:: WORK REQUIRED ::
All lines from the one containing "4,5kg Grys kukurydza" through the last line of the listing below are to be copied exactly. Exclude the pictures.

━━ PROVIDED DATA

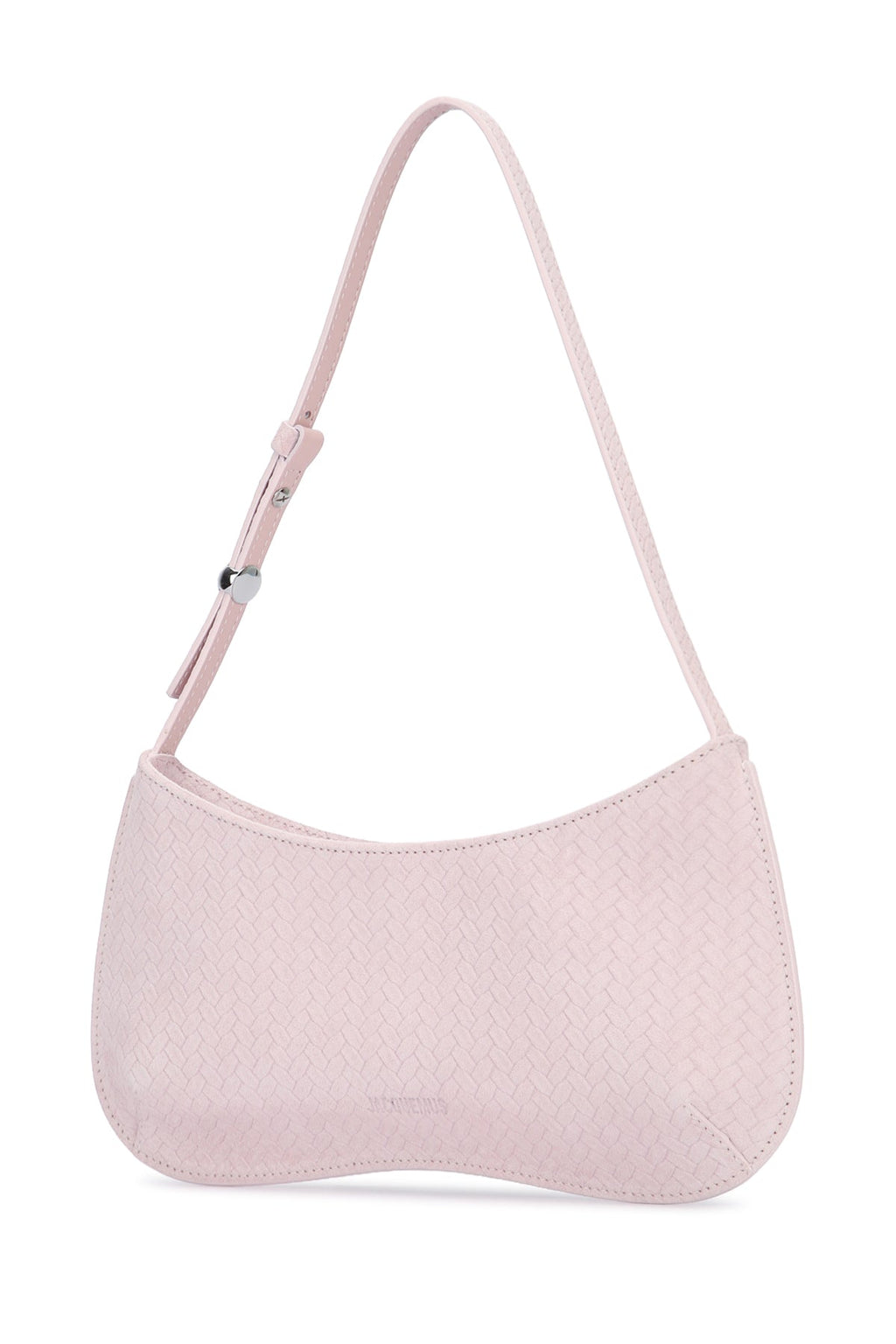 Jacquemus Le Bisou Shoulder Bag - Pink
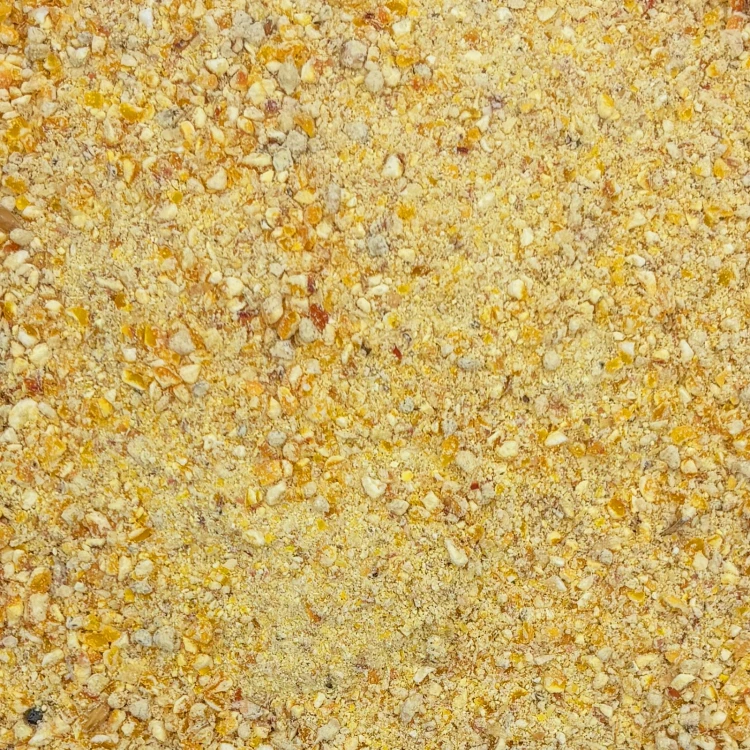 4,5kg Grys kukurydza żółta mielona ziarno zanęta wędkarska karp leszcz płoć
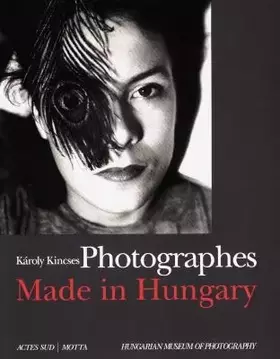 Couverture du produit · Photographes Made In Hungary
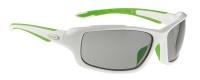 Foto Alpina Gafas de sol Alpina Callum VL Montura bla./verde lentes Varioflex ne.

━━━━

:: WRITTEN REPLY ::
 4,5kg Grys kukurydza żółta mielona ziarno zanęta wędkarska karp leszcz płoć
 Couverture du produit · Photographes Made In Hungary
 Foto Alpina Gafas de sol Alpina Callum VL Montura bla./verde lentes Varioflex ne.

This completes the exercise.